Jusqu’au 17 avril se joue au Théâtre du Rond-Point une pièce inspirée d’essais et d’interviews entre l’écrivain James Baldwin et le photographe Richard Avedon. Les deux artistes, idoles des années soixante, partageaient un même amour pour l’Amérique qui, loin de se résumer à une idolâtrie stérile, leur permettait de porter sur leur pays un regard à la fois tendre et acerbe. Élise Vigier, artiste associée à la direction de la Comédie de Caen, met en scène leur dialogue dansant et invite ses interprètes, Marcial Di Fonzo Bo et Jean Christophe Folly, à tisser des liens entre les États-Unis et la France, via l’Argentine et le Togo. Avedon-Baldwin : entretiens imaginaires fait parti de la collection des Portraits de la Comédie de Caen, imaginée par Marcial Di Fonzo Bo à son arrivée à la tête de la Comédie.
Baldwin, l’écrivain noir et homosexuel dialoguait déjà avec Avedon, le photographe blanc et juif dans Nothing Personnel. Comme le rappelle la note d’intention des auteur·e·s, ils « ont en commun une extrême délicatesse et une sensibilité rare mais surtout une grande tendresse, une sensualité électrique dans l’autopsie d’un pays en crise identitaire. » Au cœur de leurs échanges, notre responsabilité face à l’avenir et envers les générations postérieures et notre rôle de passeurs. Élise Vigier et Kevin Keiss se sont inspirés des multiples interviews que les artistes ont laissées pour confronter leurs visions de l’impérialisme américain et y ont superposé les voix des deux comédiens eux-mêmes : Marcial Di Fonzo Bo et Jean-Christophe Folly. On assiste alors non seulement entre un dialogue entre deux hommes – et quatre voix – mais aussi à celui Entre les États-Unis en 1964, et nos enfances des années 70 et 80 – et la France d’ici, celle dans laquelle nous vivons aujourd’hui.
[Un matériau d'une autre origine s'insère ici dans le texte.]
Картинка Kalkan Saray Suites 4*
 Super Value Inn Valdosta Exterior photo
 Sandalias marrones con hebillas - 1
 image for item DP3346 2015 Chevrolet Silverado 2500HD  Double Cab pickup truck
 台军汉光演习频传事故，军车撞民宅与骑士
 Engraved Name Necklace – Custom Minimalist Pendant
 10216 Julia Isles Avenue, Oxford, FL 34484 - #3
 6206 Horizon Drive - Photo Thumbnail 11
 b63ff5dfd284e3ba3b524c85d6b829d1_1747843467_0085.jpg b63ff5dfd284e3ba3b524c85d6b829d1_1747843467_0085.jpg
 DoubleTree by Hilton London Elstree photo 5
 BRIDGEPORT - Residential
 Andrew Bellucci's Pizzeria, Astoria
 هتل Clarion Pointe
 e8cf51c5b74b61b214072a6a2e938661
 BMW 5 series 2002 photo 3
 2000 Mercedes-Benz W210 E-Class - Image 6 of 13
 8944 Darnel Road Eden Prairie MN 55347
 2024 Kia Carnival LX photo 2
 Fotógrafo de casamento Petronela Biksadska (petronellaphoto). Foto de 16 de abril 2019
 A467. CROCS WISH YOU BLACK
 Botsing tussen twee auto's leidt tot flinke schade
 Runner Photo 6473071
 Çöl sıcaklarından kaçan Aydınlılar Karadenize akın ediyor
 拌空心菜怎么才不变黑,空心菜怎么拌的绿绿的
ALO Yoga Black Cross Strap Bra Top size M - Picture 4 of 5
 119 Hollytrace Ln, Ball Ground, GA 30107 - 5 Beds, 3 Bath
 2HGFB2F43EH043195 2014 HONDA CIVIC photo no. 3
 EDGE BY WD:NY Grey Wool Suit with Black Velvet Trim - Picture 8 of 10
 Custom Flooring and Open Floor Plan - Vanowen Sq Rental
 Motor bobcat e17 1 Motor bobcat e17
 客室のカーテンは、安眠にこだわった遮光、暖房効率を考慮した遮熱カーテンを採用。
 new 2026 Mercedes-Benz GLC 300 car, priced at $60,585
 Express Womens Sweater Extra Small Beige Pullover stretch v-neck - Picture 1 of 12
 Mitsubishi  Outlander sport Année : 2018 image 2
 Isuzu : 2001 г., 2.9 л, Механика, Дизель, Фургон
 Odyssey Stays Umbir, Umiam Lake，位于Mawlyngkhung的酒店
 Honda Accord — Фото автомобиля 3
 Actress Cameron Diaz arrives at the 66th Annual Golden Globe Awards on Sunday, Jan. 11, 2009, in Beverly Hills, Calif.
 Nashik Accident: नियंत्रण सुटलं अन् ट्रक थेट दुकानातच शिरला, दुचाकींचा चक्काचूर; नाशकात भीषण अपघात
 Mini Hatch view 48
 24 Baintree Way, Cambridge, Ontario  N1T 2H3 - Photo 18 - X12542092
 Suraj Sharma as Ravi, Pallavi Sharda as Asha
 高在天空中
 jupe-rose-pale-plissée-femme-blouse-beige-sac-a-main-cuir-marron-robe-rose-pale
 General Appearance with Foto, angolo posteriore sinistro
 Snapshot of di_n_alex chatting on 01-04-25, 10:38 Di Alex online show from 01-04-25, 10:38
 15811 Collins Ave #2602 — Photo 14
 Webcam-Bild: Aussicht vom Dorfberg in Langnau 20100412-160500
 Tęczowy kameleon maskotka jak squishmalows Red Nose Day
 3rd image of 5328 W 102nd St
Si l’on peut parfois s’interroger sur certains choix, la pièce s’avère un moment enthousiasmant, notamment dans ce qu’elle donne à entendre de beaux morceaux d’entretiens puissants. On peut regretter que les allers-retours entre le passé de Baldwin et d’Avedon et le présent des comédiens créent parfois un effet de distanciation qui manque d’un peu de justesse, on peut toutefois saluer l’effort fait pour resituer les débats dans une perspective actuelle.